▸ TO DO:
Restate, exactly as written, the entries below from the line that holds "新車で入庫した新型アウディA4Avantにボディコーティング,ウィンドウコート, 04 - トータルカービューティIIC" through the line that holds "Pilcro @ Anthropologie". Pictures are not part of the copy.

▸ DATASET RECORDS:
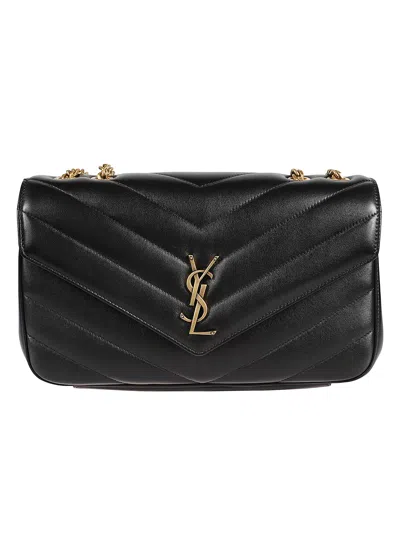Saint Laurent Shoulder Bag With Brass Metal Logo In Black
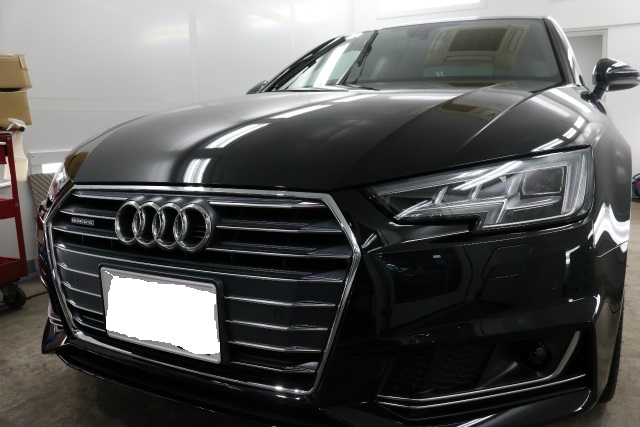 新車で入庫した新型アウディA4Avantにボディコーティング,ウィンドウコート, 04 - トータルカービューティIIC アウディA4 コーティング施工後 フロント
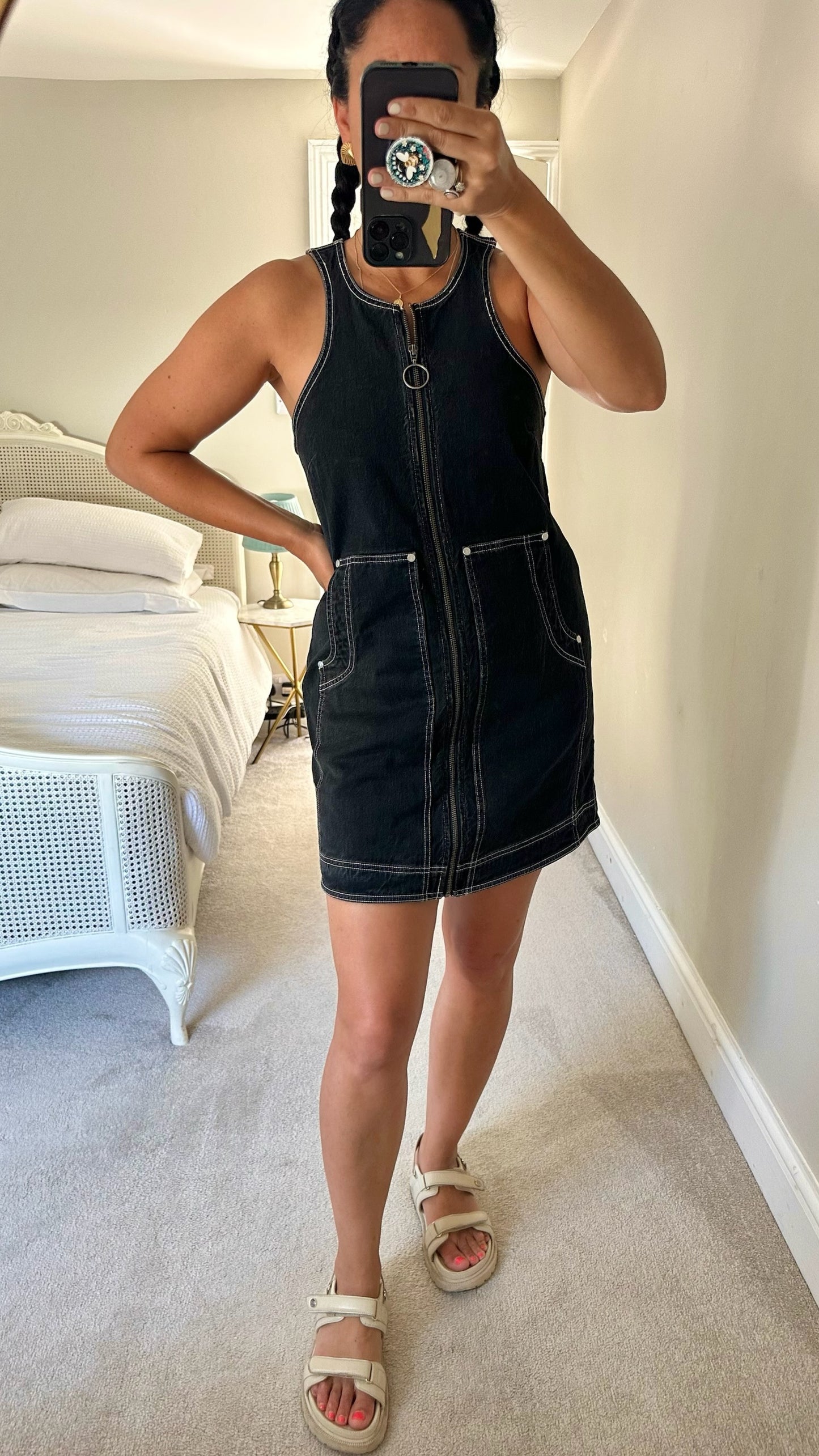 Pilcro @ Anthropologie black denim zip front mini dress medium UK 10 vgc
* * *
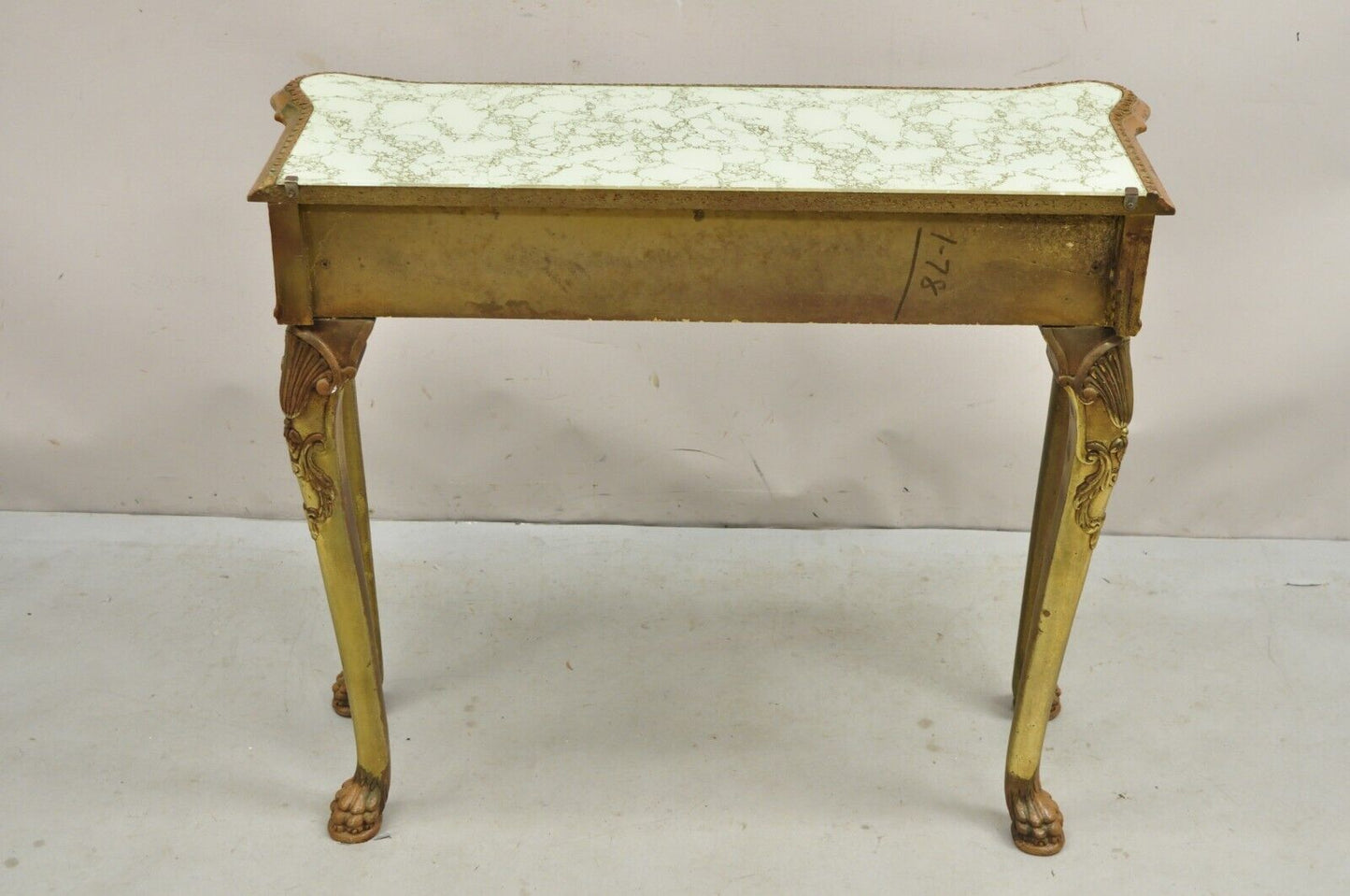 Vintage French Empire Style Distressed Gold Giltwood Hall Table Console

▸ RESPONSE AREA:
 新車で入庫した新型アウディA4Avantにボディコーティング,ウィンドウコート, 04 - トータルカービューティIIC アウディA4 コーティング施工後 フロント
 Pilcro @ Anthropologie black denim zip front mini dress medium UK 10 vgc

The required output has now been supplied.